--- Required action ---
Repeat exactly the line that contains "Bracelets*Hermes Preloved Clic" and every line after it, down to the last line of the entries below. Do not include pictures.

Dataset records
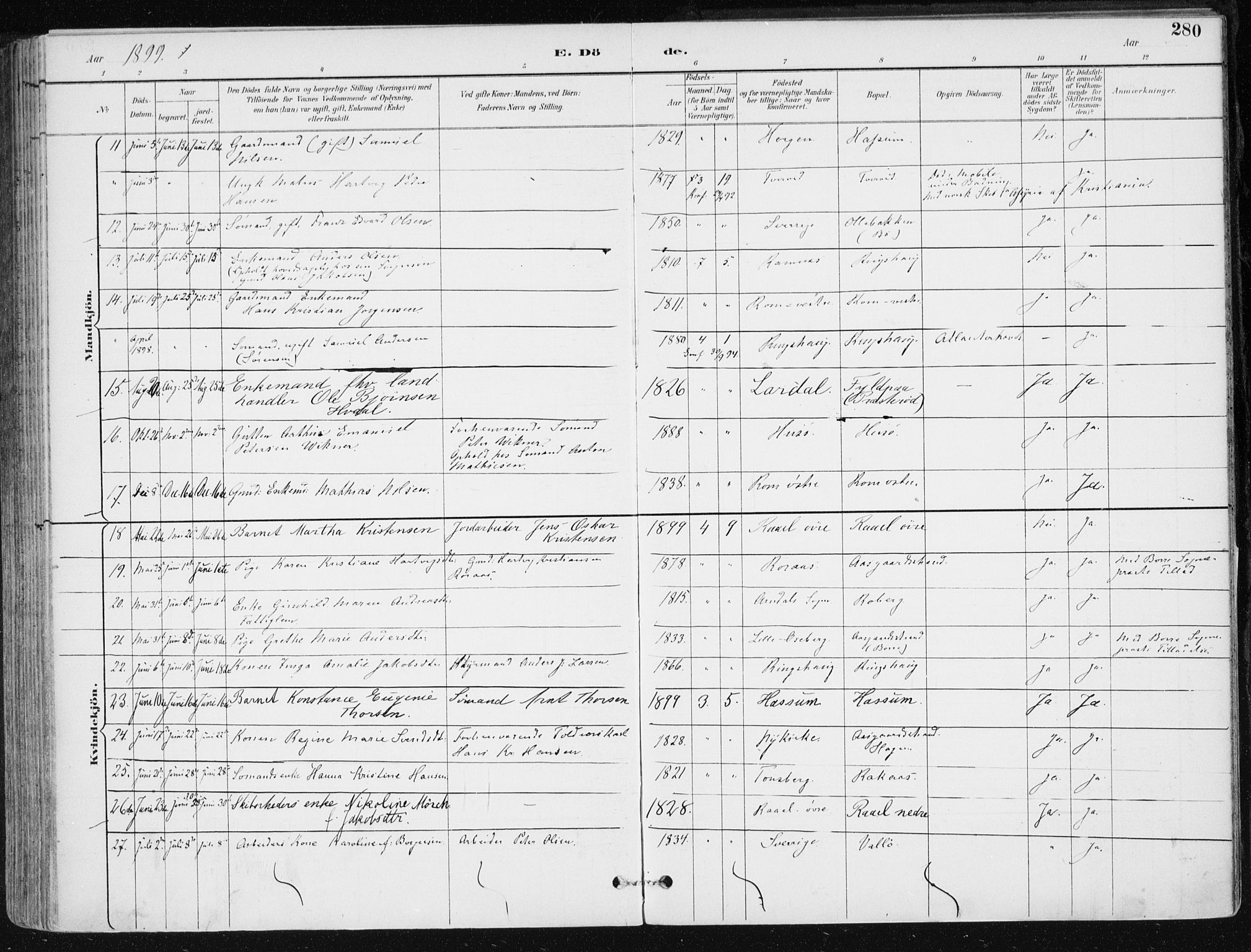 Sem kirkebøker, AV/SAKO-A-5/F/Fb/L0005: Parish register (official) no. II 5, 1892-1904, p. 280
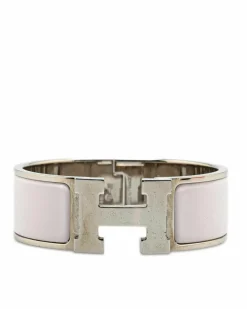 Bracelets*Hermes Preloved Clic H Bracelet Rose Azalee Palladium Plated Pink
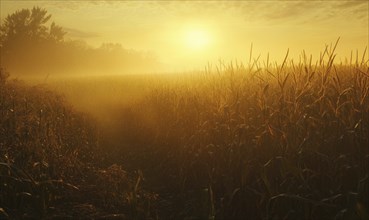 Cornfield at dusk, soft light, golden hues AI generated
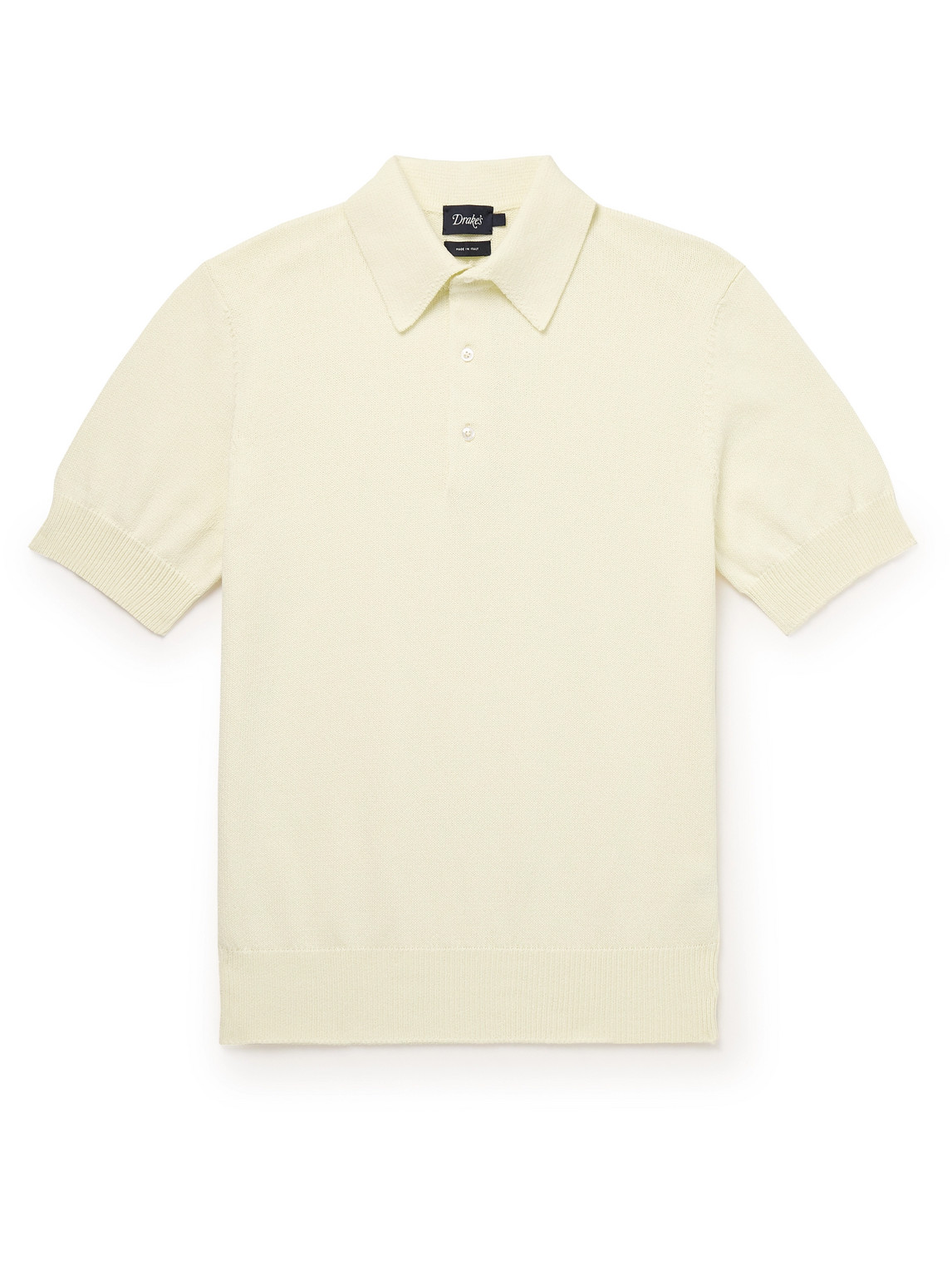 Drake's Cotton Polo Shirt In White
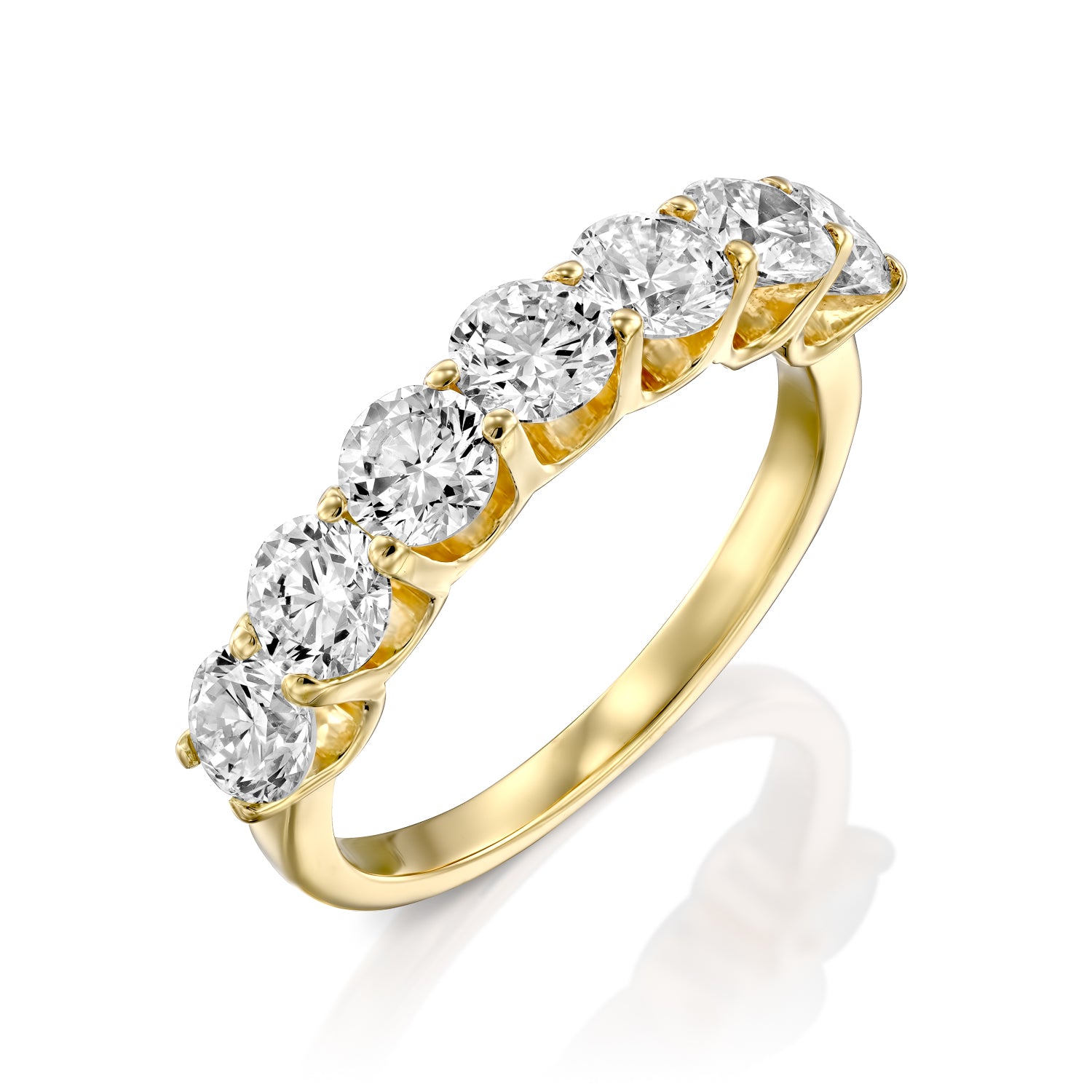 טבעת שורה מזהב צהוב המשובצת 7 יהלומים עגולים המשובצים באופן צמוד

--- Response to this task ---
 Bracelets*Hermes Preloved Clic H Bracelet Rose Azalee Palladium Plated Pink
 Cornfield at dusk, soft light, golden hues AI generated
 Drake's Cotton Polo Shirt In White
 טבעת שורה מזהב צהוב המשובצת 7 יהלומים עגולים המשובצים באופן צמוד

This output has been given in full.